2012 yılında ‘Türkiye’den Kıbrıs’a Su Temin Projesi’ gündeme geldiğinde, TDP olarak o gün de konuya yönelik görüşlerini açık ve net bir şekilde ortaya koyduklarını anımsatan Özyiğit, “TDP olarak Türkiye’den gelen suyun Güzelyalı’dan Su Üst Kurulu tarafından satın alınarak belediyelere ulaştırılması, dağıtım ve tahsilatın da belediyeler tarafından yapılmasına destek verdik. Vermeye de devam ediyoruz” dedi.

Özyiğit, 4 bakanın Bakanlar Kurulu kararıyla Türkiye’ye giderek metin üzerinde görüşmeler yaptığını ve adaya “yüzde 99 oranında anlaşmaya vardık” diyerek döndüklerini anımsattı. Sadece Türkiye’den gelen suyu değil, tüm yerel su kaynaklarının özel bir şirkete devredilmesini öngören metnin, suyun fiyatını özel şirketin belirleyeceği, özel şirket tekelleşmesini öngördüğünü savundu.

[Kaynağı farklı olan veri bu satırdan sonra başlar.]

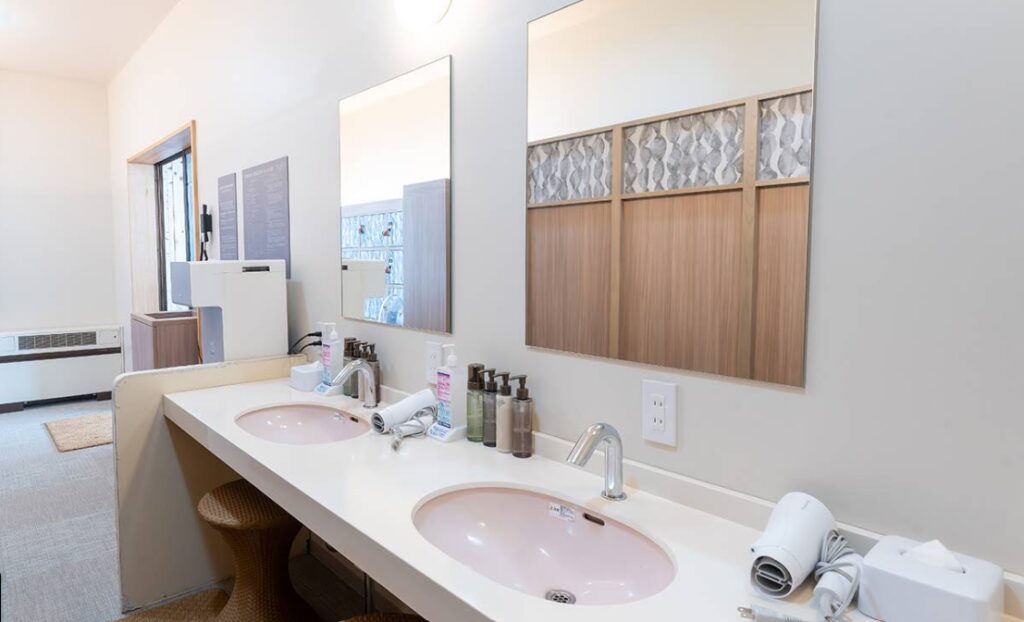 Kamenoi Hotel Kusatsu Yubatake Double Vanity Bathroom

"TOPLUMA SAYGISIZLIK YAPIYORLAR"

TDP olarak bu metni Kıbrıs Türk Halkına karşı yapılmış büyük bir saygısızlık olarak gördüklerini belirten Özyiğit, şöyle devam etti:

“Bu topluma ne zaman doğrular söylenecek, ne zaman toplumun geleceği düşünülerek hareket edilecek, bu toplum daha ne kadar beceriksiz, basiretsiz olarak addedilecek. 30 yıllık bir eğitimci olarak insanlarımıza karşı yapılanları büyük bir saygısızlık olarak görüyor ve şiddetle kınıyorum . Bu toplumda çok büyük değerler, alanlarında uzman kişiler vardır. Biz insanlarımıza güveniyoruz”

TDP olarak kimseyle kavgaları olmadığını, su konusunda da böyle düşündüklerini, Türkiye'den gelen suya da karşı olmadıklarını anlatan Özyiğit, ancak toplumun kurumlarının peş keş çekilmesine, suyun ticari bir meta olarak görülerek çalışma yapılmasına, belediyelerin devre dışı bırakılmasına da onay vermelerinin mümkün olmadığını kaydetti.

Özel şirket tekelini öngören metnin kabul edilemez olduğunu, özellikle belediyelerin devre dışı bırakılmaması gerektiğini ifade eden Özyiğit, kendileriyle anı düşüncede olan tüm örgütlerle birlikte mücadeleyi yükselteceklerini belirtti.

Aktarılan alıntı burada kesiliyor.